You might think that data migration is simply copying data from one database to another. It can be achieved by real-time data copying through MySQL master-slave synchronization. You can also export data from the source database using the mysqldump tool and import it into the new database. What’s so complicated about it?

In fact, these two methods only support the migration from a single database to another single database, and cannot support scenarios where data needs to be migrated from a single database to multiple databases or tables. Moreover, even in the case of a single database to a single database migration, the migration process needs to fulfill the following goals:

The migration should be online, which means that data can still be written during the migration.
Data integrity should be ensured, which means that the data in the new database should be consistent with the data in the old database after the migration.
The migration process should be rollbackable, so that if any problems occur during the migration, it is possible to immediately roll back to the source database without affecting the system’s availability.
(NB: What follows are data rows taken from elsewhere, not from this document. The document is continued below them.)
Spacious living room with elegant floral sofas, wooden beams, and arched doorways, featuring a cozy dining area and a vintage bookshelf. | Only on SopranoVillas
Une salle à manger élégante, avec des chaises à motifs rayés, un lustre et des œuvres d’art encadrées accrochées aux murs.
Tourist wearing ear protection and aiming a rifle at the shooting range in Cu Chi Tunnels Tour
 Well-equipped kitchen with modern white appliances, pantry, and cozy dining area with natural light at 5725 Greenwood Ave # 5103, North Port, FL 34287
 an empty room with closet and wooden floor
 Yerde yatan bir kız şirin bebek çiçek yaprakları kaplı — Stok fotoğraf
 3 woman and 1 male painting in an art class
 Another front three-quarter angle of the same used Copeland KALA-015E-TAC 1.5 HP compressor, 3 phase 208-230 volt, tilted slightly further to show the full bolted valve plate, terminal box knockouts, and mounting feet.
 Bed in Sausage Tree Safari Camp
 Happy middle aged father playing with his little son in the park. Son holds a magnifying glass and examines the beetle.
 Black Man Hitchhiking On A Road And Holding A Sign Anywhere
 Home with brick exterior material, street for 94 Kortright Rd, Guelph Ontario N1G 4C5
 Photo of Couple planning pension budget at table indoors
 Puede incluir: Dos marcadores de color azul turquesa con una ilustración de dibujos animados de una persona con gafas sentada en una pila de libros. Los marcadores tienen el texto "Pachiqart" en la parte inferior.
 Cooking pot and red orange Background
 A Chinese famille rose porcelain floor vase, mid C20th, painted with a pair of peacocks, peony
If you use Binlog synchronization and then modify the code after the synchronization is complete, changing the master database to the new database, it does not meet the rollback requirement. Once problems are discovered after the migration and incremental data has been written to the new database without being written to the old database, it’s not possible to switch the database back to the old one.

Generally, we have two solutions for database migration.

“Dual-write” solution #

The first solution I call “dual-write”. In fact, it’s quite simple and can be divided into the following steps:

Configure the new database as a slave of the source database to synchronize data. If you need to synchronize data to multiple databases or tables, you can use third-party tools to obtain the incremental logs of Binlog (such as the open-source tool Canal). After obtaining the incremental logs, you can write them into the new databases and tables according to the sharding logic.
At the same time, we need to modify the business code to write data not only to the old database but also to the new database. Of course, for performance reasons, we can write to the new database asynchronously, as long as the write to the old database is successful. However, it’s important to note that data that fails to be written to the new database needs to be recorded in a separate log. This will facilitate subsequent data repairs to ensure data consistency between the new and old databases.
Then, we can start verifying the data. Since there is a large amount of data in the database, performing a full data verification is not very practical. You can randomly select a portion of the data to verify. The specific amount depends on the overall data volume, as long as this subset of data is consistent.
If everything goes smoothly, we can switch the read traffic to the new database. As there may be unknown impacts on the system from switching all read traffic at once, it’s best to use a gradual approach for switching, such as initially switching 10% of the traffic, and if there are no issues, gradually increasing to 50% and finally 100%.
With dual-write in place, if any problems occur during the switching process, you can switch the read and write traffic back to the old database at any time to ensure system performance.
After observing the data migration for a few days and confirming that there are no issues, you can modify the dual-write operation to only write to the new database, completing the migration of the data. Among them, the step most prone to issues is the data validation work. Therefore, I suggest that you first write a data validation tool or script before starting the data migration. After thoroughly testing it in the testing environment, you can proceed with the formal data migration.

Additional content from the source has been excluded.